(Web page caption snippets)
***

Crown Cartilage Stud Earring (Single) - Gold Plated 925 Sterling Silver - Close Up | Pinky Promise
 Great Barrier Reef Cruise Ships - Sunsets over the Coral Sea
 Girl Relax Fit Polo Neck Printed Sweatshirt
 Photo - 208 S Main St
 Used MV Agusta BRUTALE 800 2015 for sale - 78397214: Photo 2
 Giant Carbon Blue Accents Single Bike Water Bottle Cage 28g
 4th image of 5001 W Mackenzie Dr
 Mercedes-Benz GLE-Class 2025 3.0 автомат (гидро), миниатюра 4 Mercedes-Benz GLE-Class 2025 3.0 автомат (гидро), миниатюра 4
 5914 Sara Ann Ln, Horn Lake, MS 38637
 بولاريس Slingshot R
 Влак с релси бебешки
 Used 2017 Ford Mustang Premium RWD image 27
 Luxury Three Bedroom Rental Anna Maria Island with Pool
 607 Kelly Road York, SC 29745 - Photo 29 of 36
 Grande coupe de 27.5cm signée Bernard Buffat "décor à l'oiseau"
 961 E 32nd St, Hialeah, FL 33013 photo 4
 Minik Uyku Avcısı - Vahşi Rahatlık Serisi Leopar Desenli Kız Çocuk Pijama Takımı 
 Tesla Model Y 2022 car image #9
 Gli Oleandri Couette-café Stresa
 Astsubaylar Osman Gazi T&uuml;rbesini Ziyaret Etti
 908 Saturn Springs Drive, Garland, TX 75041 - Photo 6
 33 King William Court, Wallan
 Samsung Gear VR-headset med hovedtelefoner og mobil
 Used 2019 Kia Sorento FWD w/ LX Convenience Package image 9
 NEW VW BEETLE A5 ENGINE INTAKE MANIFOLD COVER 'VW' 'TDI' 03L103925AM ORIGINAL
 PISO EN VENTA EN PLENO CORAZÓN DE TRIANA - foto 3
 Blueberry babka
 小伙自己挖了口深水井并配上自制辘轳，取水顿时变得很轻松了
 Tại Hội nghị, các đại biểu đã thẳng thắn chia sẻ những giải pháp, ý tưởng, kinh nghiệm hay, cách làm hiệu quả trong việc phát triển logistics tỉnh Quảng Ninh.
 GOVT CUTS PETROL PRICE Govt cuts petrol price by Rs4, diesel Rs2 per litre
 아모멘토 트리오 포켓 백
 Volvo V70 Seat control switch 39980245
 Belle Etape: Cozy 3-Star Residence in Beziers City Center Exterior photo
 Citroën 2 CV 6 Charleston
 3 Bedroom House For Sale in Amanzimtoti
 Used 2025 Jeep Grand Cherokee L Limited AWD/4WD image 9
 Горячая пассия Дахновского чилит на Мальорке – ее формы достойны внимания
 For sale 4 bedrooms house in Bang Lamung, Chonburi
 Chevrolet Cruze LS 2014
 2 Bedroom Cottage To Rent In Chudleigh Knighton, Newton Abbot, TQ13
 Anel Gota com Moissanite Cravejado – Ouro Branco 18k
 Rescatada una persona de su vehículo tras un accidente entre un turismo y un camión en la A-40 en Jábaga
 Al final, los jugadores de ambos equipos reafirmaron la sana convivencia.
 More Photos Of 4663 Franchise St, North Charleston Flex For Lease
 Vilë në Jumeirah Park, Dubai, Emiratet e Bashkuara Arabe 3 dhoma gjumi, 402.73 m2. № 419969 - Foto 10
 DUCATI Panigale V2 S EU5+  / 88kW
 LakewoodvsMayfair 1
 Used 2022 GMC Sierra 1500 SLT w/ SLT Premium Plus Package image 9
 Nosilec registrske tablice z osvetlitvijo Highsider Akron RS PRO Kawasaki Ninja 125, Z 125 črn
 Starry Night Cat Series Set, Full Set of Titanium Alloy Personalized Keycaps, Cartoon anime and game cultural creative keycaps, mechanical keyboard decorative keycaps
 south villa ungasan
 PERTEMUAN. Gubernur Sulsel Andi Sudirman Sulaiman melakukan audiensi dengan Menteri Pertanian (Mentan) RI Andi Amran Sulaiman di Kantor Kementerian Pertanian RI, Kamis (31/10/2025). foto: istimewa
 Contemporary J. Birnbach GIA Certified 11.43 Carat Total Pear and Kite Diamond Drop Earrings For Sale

***

* [Assigned task]
Copy the lines from the start of the data verbatim, stopping after the line containing "小伙自己挖了口深水井并配上自制辘轳，取水顿时变得很轻松了".

* [Exercise output]
Crown Cartilage Stud Earring (Single) - Gold Plated 925 Sterling Silver - Close Up | Pinky Promise
 Great Barrier Reef Cruise Ships - Sunsets over the Coral Sea
 Girl Relax Fit Polo Neck Printed Sweatshirt
 Photo - 208 S Main St
 Used MV Agusta BRUTALE 800 2015 for sale - 78397214: Photo 2
 Giant Carbon Blue Accents Single Bike Water Bottle Cage 28g
 4th image of 5001 W Mackenzie Dr
 Mercedes-Benz GLE-Class 2025 3.0 автомат (гидро), миниатюра 4 Mercedes-Benz GLE-Class 2025 3.0 автомат (гидро), миниатюра 4
 5914 Sara Ann Ln, Horn Lake, MS 38637
 بولاريس Slingshot R
 Влак с релси бебешки
 Used 2017 Ford Mustang Premium RWD image 27
 Luxury Three Bedroom Rental Anna Maria Island with Pool
 607 Kelly Road York, SC 29745 - Photo 29 of 36
 Grande coupe de 27.5cm signée Bernard Buffat "décor à l'oiseau"
 961 E 32nd St, Hialeah, FL 33013 photo 4
 Minik Uyku Avcısı - Vahşi Rahatlık Serisi Leopar Desenli Kız Çocuk Pijama Takımı 
 Tesla Model Y 2022 car image #9
 Gli Oleandri Couette-café Stresa
 Astsubaylar Osman Gazi T&uuml;rbesini Ziyaret Etti
 908 Saturn Springs Drive, Garland, TX 75041 - Photo 6
 33 King William Court, Wallan
 Samsung Gear VR-headset med hovedtelefoner og mobil
 Used 2019 Kia Sorento FWD w/ LX Convenience Package image 9
 NEW VW BEETLE A5 ENGINE INTAKE MANIFOLD COVER 'VW' 'TDI' 03L103925AM ORIGINAL
 PISO EN VENTA EN PLENO CORAZÓN DE TRIANA - foto 3
 Blueberry babka
 小伙自己挖了口深水井并配上自制辘轳，取水顿时变得很轻松了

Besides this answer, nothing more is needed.